EXERCISE DETAILS: Please output exactly the lines from the one containing "NÚMEROS DE 3" through the end of the records below, leaving out any pictures.

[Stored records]
---------------
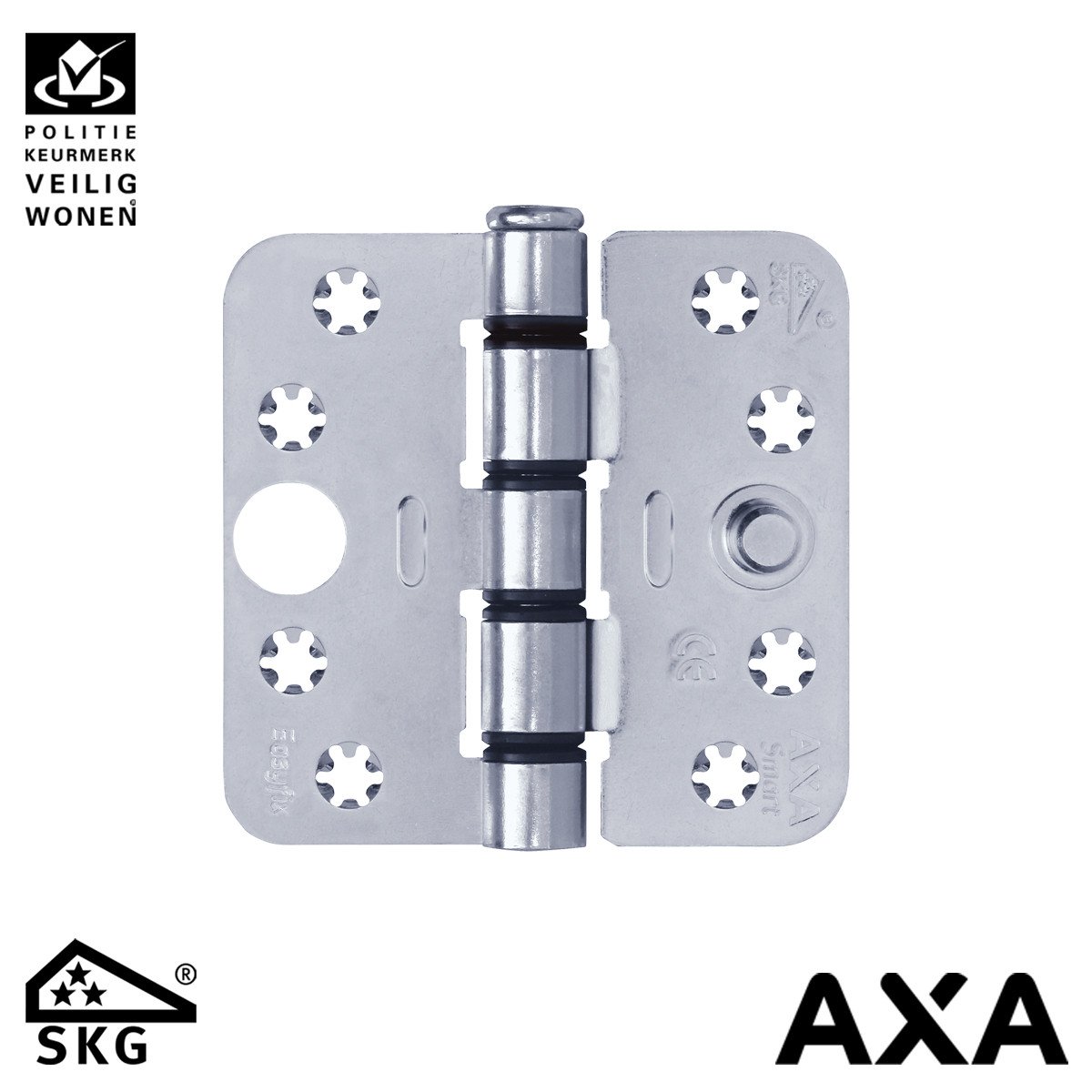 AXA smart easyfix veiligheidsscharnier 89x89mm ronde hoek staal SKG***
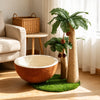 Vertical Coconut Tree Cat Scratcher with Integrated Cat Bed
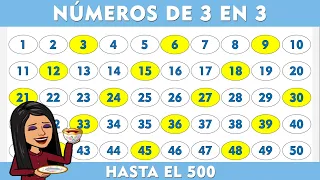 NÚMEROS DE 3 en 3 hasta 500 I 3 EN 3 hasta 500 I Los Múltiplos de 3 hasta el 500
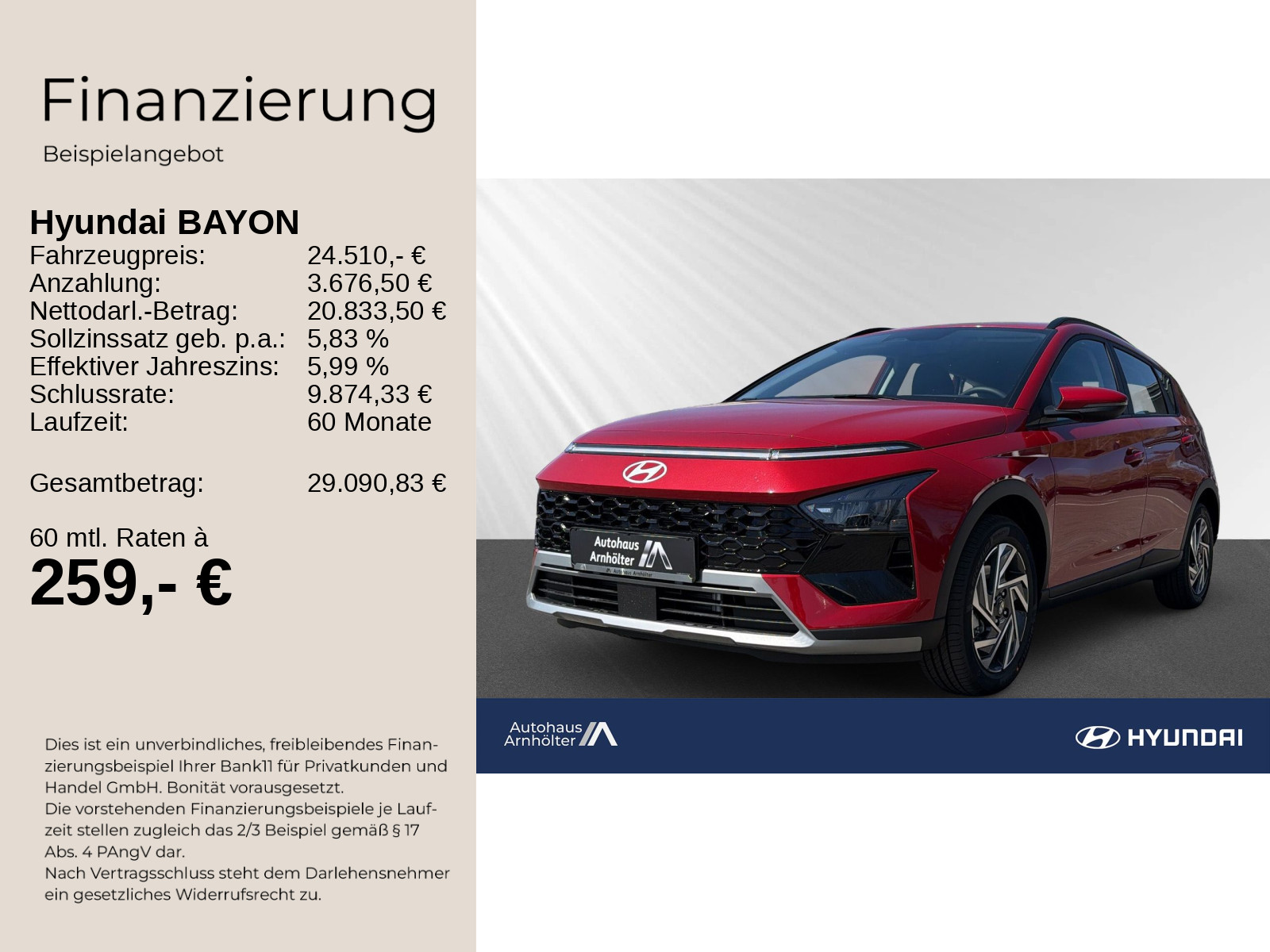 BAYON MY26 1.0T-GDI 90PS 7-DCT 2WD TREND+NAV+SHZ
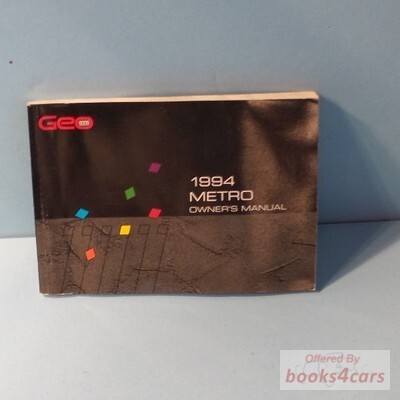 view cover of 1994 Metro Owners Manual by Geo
---------------
ANSWER BELOW:
 NÚMEROS DE 3 en 3 hasta 500 I 3 EN 3 hasta 500 I Los Múltiplos de 3 hasta el 500
 BAYON MY26 1.0T-GDI 90PS 7-DCT 2WD TREND+NAV+SHZ
 view cover of 1994 Metro Owners Manual by Geo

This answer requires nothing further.